Reuben Violated His Father's Bed and Was Struck for Seven Months
The firstborn was thirty years old when he committed the act. God struck him with a plague in his loins. Jacob's prayer saved his life.
Table of Contents
The Firstborn Who Knew Better
Reuben was thirty years old. Not a young man acting in ignorance, not a boy carried away by something he could not name. He was Jacob's firstborn, the one who held the double portion and the priestly claim and the leadership of the brothers by right of birth. He was the one who had stood between Joseph and death at Dothan and said to his brothers: do not shed blood. He was a man who understood the difference between what was permitted and what was not.
He entered Bilhah's tent while his father was absent.
What Bilhah Did
She woke and understood what was happening and pulled her hand back from him and he fled. She did not consent. She told Jacob what had happened. Jacob heard her, and he was exceedingly wroth, and from that day he did not touch Bilhah again. Her shame and her release from Reuben's grip in the dark when she recognized him, these the tradition recorded without elaboration, simply and plainly.
A law was being built around this moment, the tradition said, even though no Sinai had yet occurred. The prohibition against a son lying with his father's wife was written in heaven before it was written on earth. Reuben had violated a law whose full weight would not be announced to Israel for another generation. But the law was real before it was announced.
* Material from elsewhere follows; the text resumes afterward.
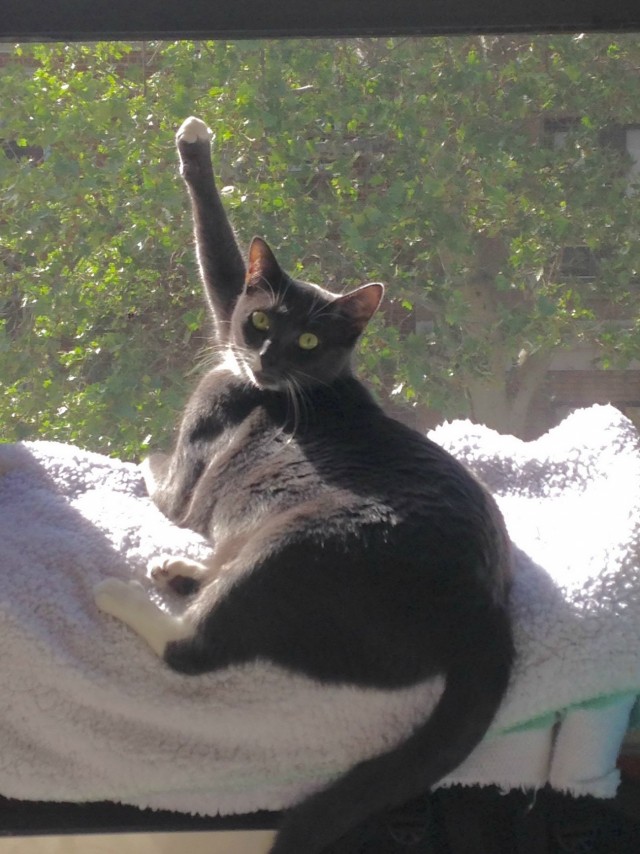 Котейки и солнышко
The Plague That Lasted Seven Months
God struck Reuben with a plague in his loins. For seven months he suffered, and the suffering was not ambiguous in its source. He had violated the sanctity of his father's household in the most direct way possible, had reached for a place he had no right to enter, and the body that had done this was the body that was punished.
Jacob prayed for him. The man who had been wronged beyond measure, the father whose household had been violated, whose grief over Rachel's death had barely settled before his firstborn did this, that man prayed for his son's recovery. He prayed, and after seven months Reuben was healed. He would never recover the things he had forfeited: the birthright, the double portion, the priestly claim. Those Jacob removed without public declaration, quietly, and they would be given in the end to Joseph and Levi and Judah. But Reuben's life was preserved because his father asked for it.
The Confession at the End
When Reuben was dying, at one hundred and twenty-five years old, he called his sons to him and told them what he had never said plainly while he was at full strength. He confessed the act. He called God as witness. He told his children: at thirty years old I defiled my father's bed. Walk not in the sins of youth and lust as I did. He named the seven spirits of deceit that had worked through him. He told his sons to fear God and to flee fornication.
The confession was his final act of authority. He had spent ninety years living under the consequence of a single night. He used his last speech to make sure none of his descendants repeated what he had done.